WORK TO BE COMPLETED>
Every line from the one containing "Men Spring Showers Low Top Shoes (Foam)" to the end of the records below should be returned exactly; pictures are to be dropped.

RECORDS SUPPLIED>
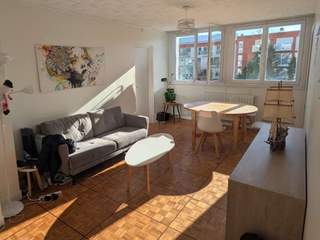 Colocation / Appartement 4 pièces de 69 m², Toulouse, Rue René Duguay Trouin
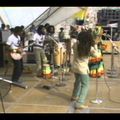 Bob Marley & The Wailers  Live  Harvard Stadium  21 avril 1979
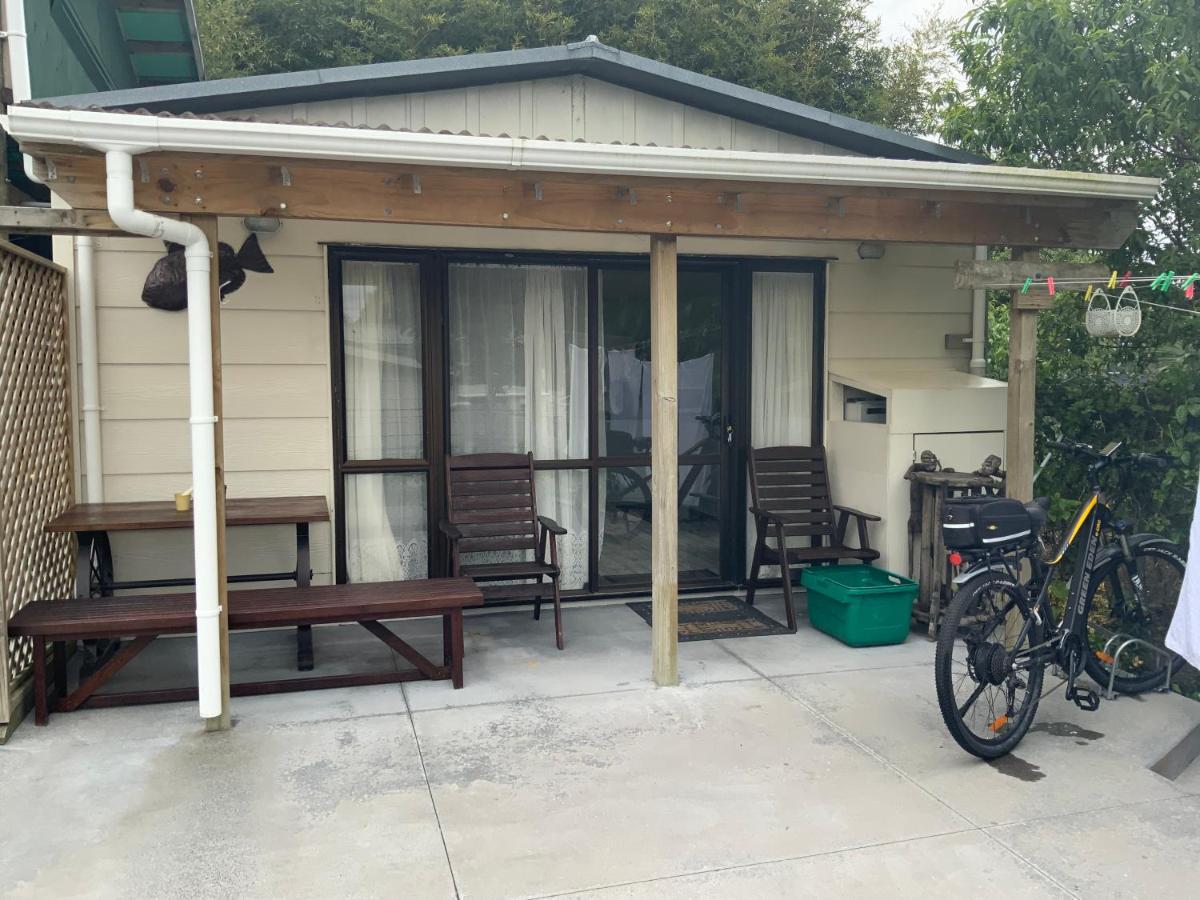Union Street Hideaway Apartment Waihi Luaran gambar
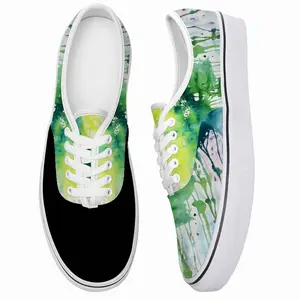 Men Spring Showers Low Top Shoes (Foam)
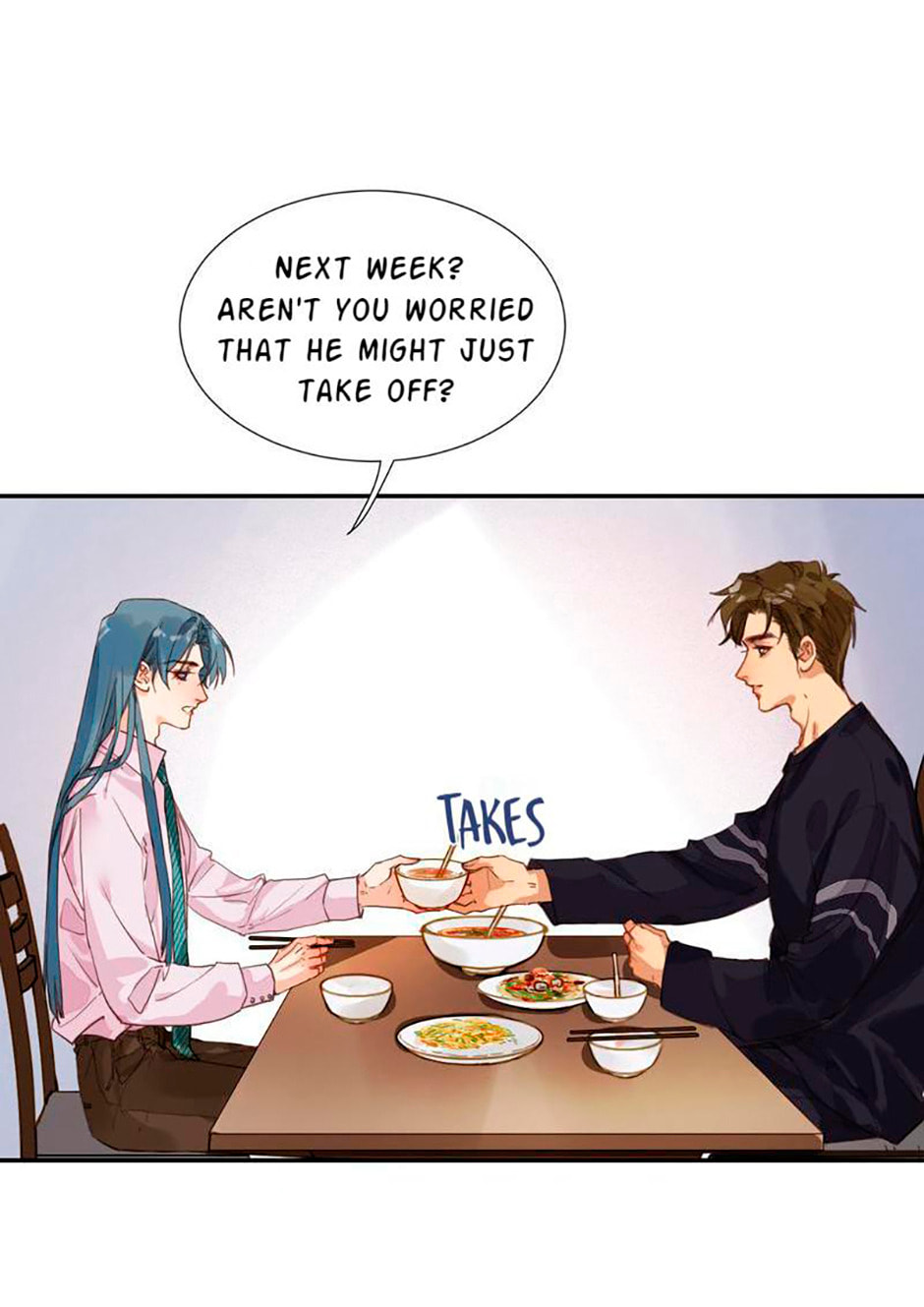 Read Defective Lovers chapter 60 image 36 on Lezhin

THE ANSWER>
 Men Spring Showers Low Top Shoes (Foam)
 Read Defective Lovers chapter 60 image 36 on Lezhin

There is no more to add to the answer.